### INSTRUCTIONS FOR THE TASK
Images are not part of the copy; transcribe all the data exactly.

Captioned web images
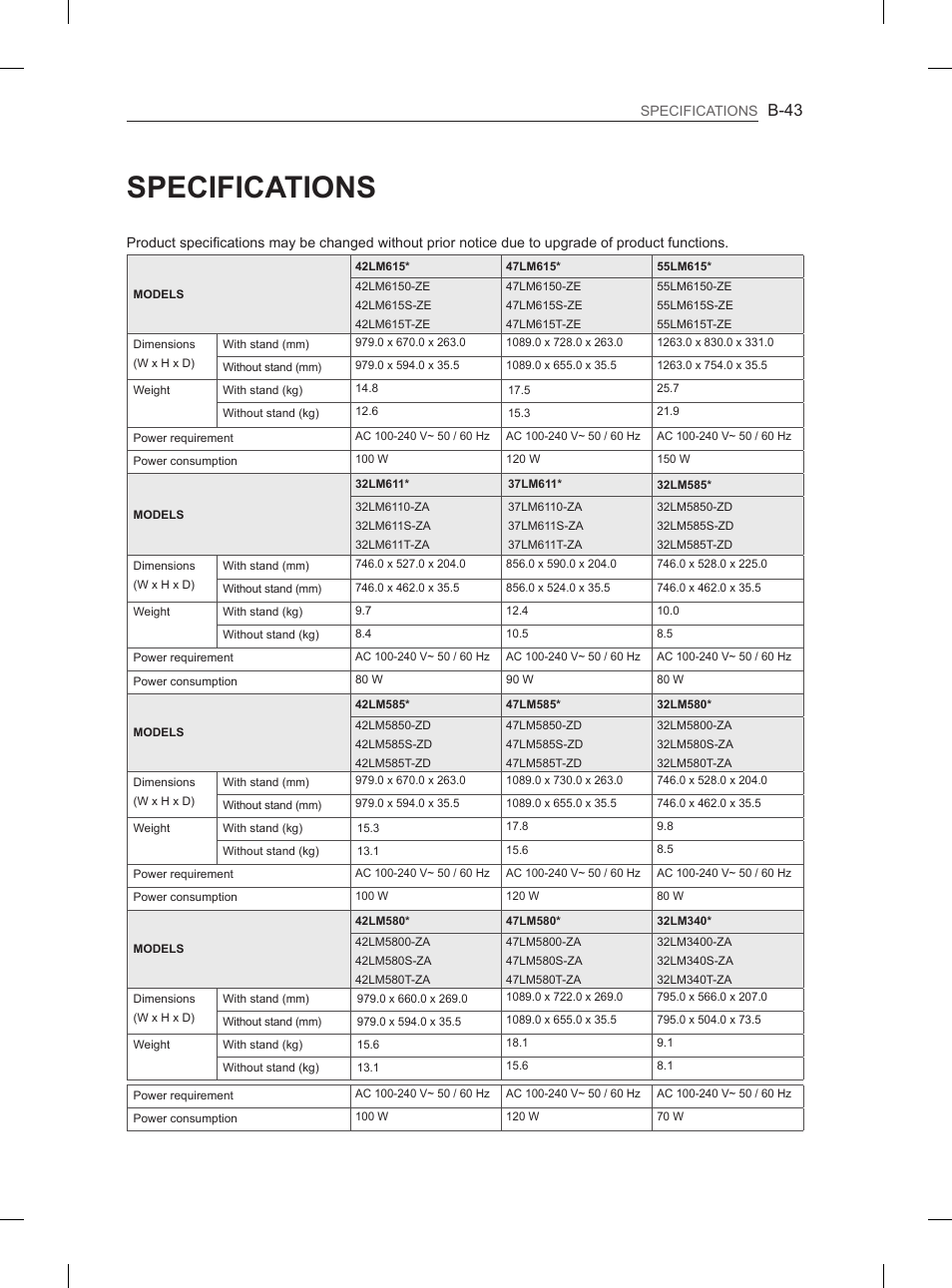 Specifications, B-43 | LG 47LM615S User Manual | Page 433 / 441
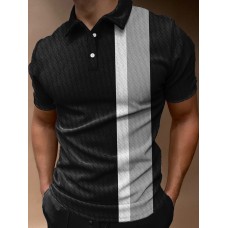 Basic Contrast Short Sleeve Polo Shirt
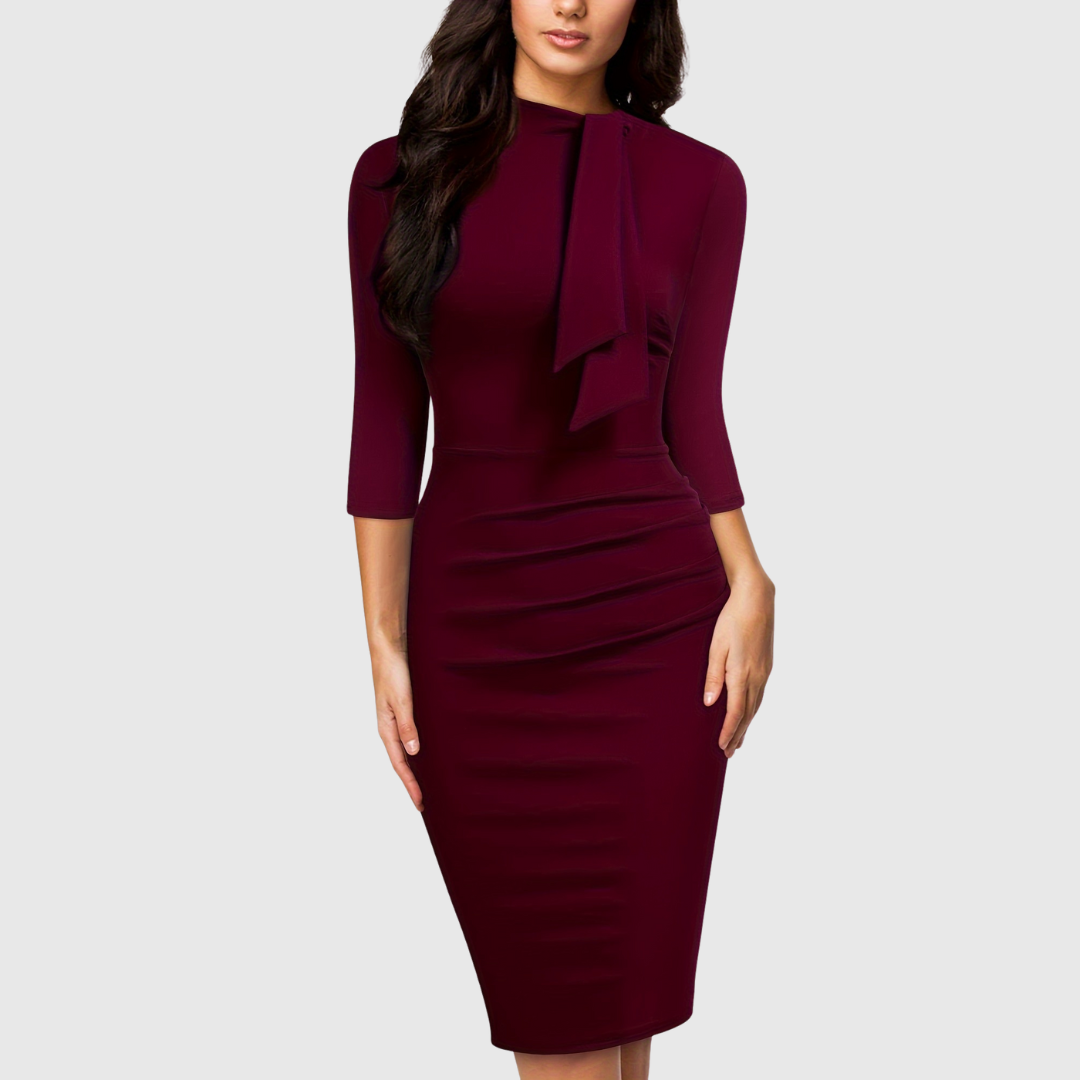 Hariethe tie-neck sheath dress in deep red, full-length front view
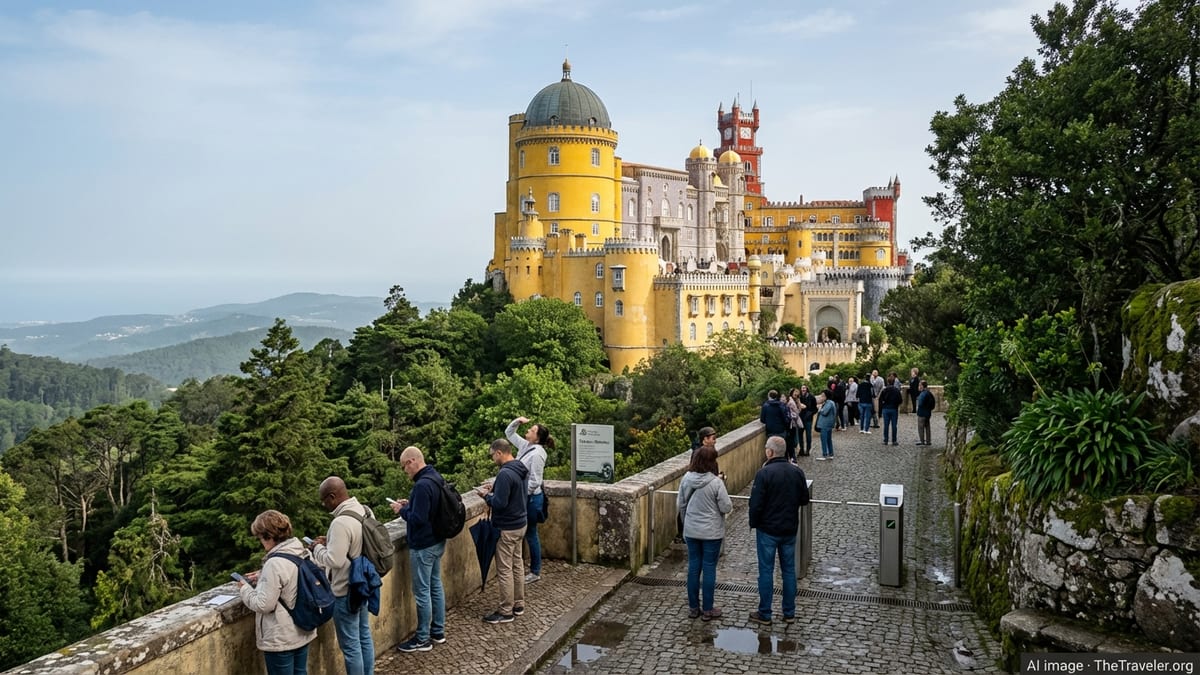 Pena Palace in Sintra, Portugal, with visitors and surrounding greenery.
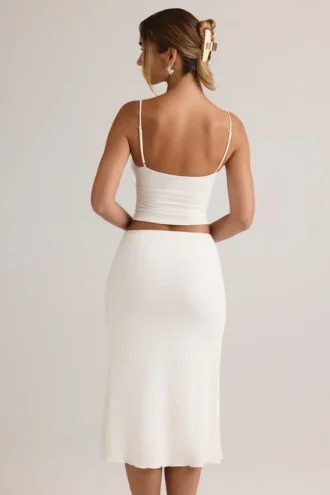 Luella Modal gerimpelde midi-rok met middelhoge taille in wit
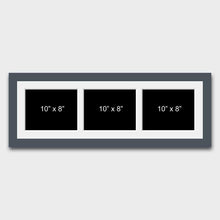 Load image into Gallery viewer, Multi Photo Picture Frame to Hold 3 10&quot;x8&quot; Photos in a Grey Wooden Frame - Multi Photo Frames

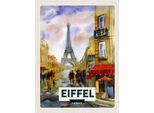 Vianmo Insegna In Legno 40X30 Cm Eiffel Tower Malerisches Bild Kunst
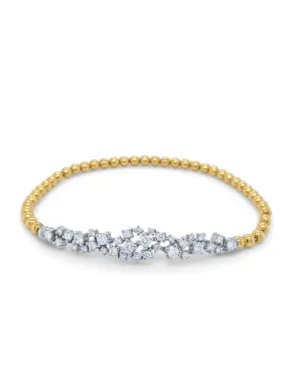 18K Yellow Gold Beaded Bangle Bracelet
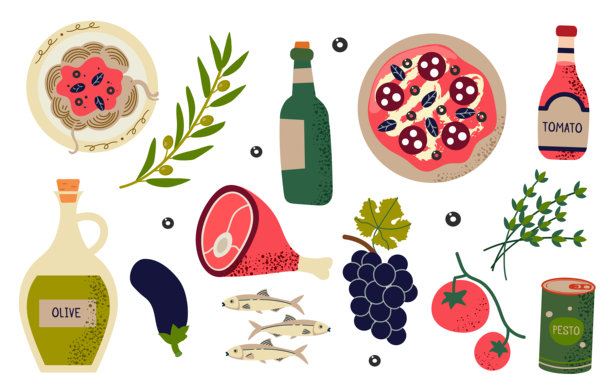 意大利美食元素图标素材集，孤立的插画图片下载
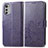 Leather Case Stands Flip Flowers Cover Holder for Motorola Moto E32s Purple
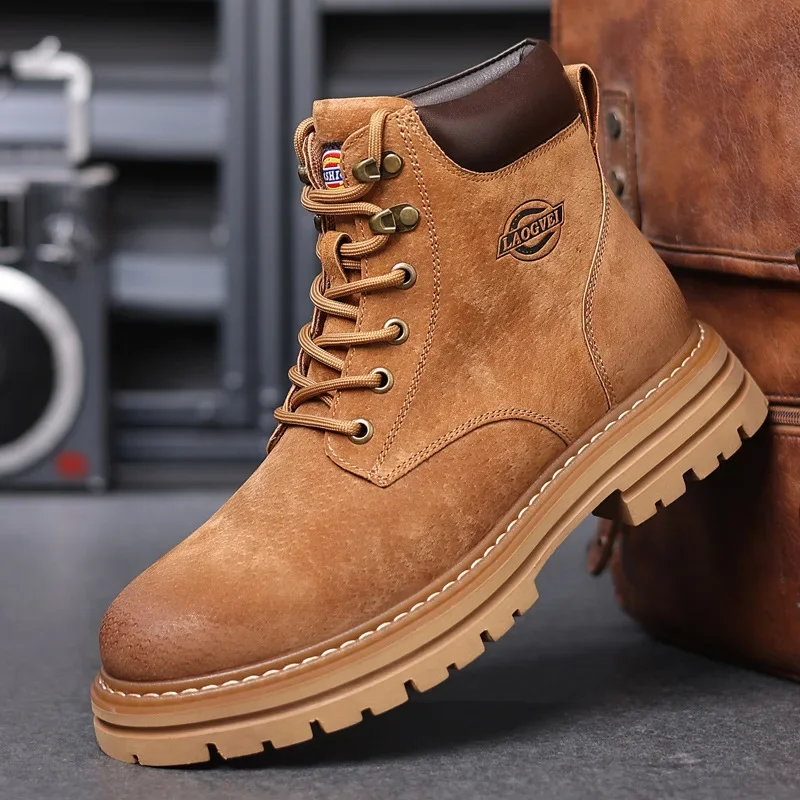 Sepatu Pria Berkualitas Tinggi - Leather Work Boots ulasan dan harga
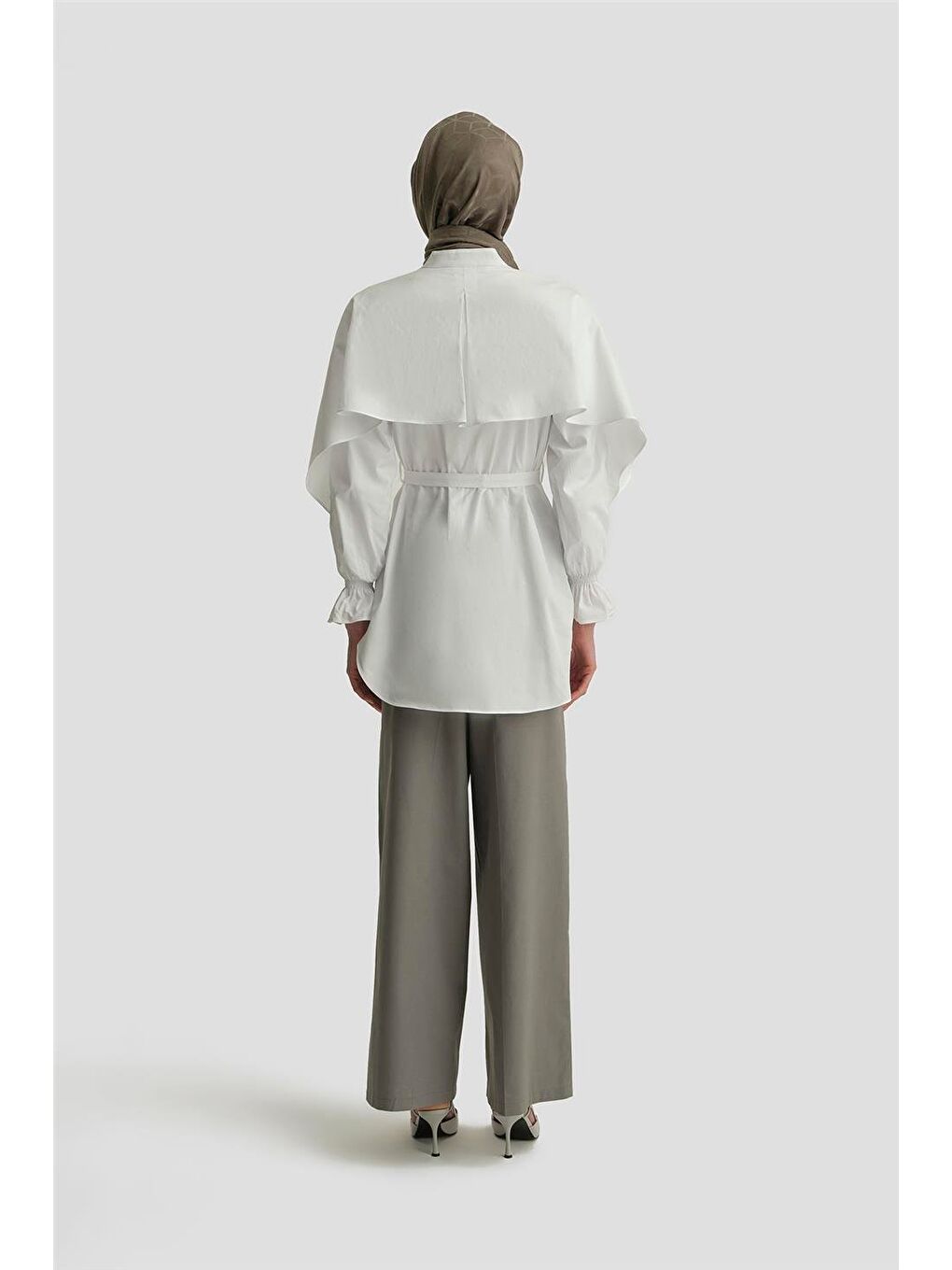 Pelerin Detaylı Pamuk Tunik 25Y4606 Beyaz-4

### TASK RESPONSE
 Specifications, B-43 | LG 47LM615S User Manual | Page 433 / 441
 Basic Contrast Short Sleeve Polo Shirt
 Hariethe tie-neck sheath dress in deep red, full-length front view
 Pena Palace in Sintra, Portugal, with visitors and surrounding greenery.
 Luella Modal gerimpelde midi-rok met middelhoge taille in wit
 Load image into Gallery viewer, Multi Photo Picture Frame to Hold 3 10&quot;x8&quot; Photos in a Grey Wooden Frame - Multi Photo Frames

 Vianmo Insegna In Legno 40X30 Cm Eiffel Tower Malerisches Bild Kunst
 18K Yellow Gold Beaded Bangle Bracelet
 意大利美食元素图标素材集，孤立的插画图片下载
 Leather Case Stands Flip Flowers Cover Holder for Motorola Moto E32s Purple
 Sepatu Pria Berkualitas Tinggi - Leather Work Boots ulasan dan harga
 Pelerin Detaylı Pamuk Tunik 25Y4606 Beyaz-4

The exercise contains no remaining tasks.